- **EXERCISE BRIEF**:
Repeat only the lines below from the one that contains "آپارتمان‌‌۱۵۰متر سنددار وام" through the final line, exactly. Omit pictures.

- **SUPPLIED MATERIAL**:
☆ ☆ ☆ ☆ ☆ ☆ ☆

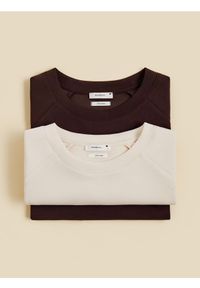 Reserved - T-shirt z modalem - ciemnobrązowy. Kolor: brązowy. Materiał: dzianina #1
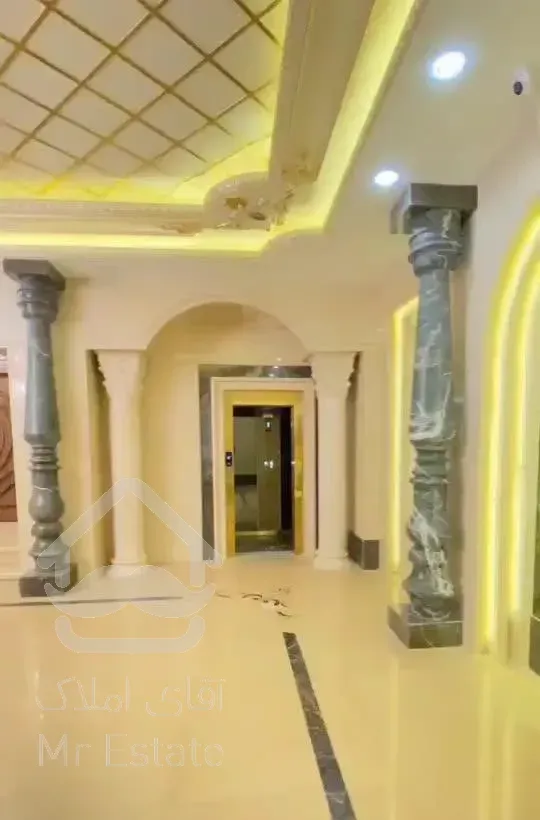 آپارتمان‌‌۱۵۰متر سنددار وام بدون ضامن دریاچه چیتگر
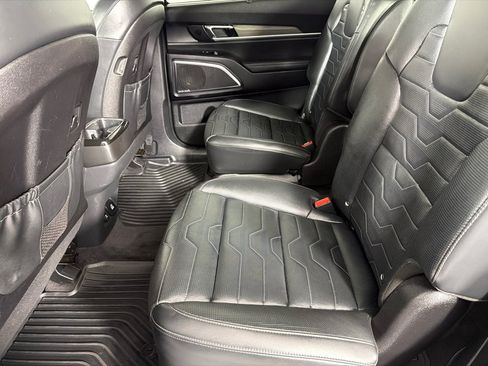 Used 2021 Kia Telluride SX w/ SX Prestige Package AWD/4WD image 20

☆ ☆ ☆ ☆ ☆ ☆ ☆

- **REPLY TO THE EXERCISE**:
 آپارتمان‌‌۱۵۰متر سنددار وام بدون ضامن دریاچه چیتگر
 Used 2021 Kia Telluride SX w/ SX Prestige Package AWD/4WD image 20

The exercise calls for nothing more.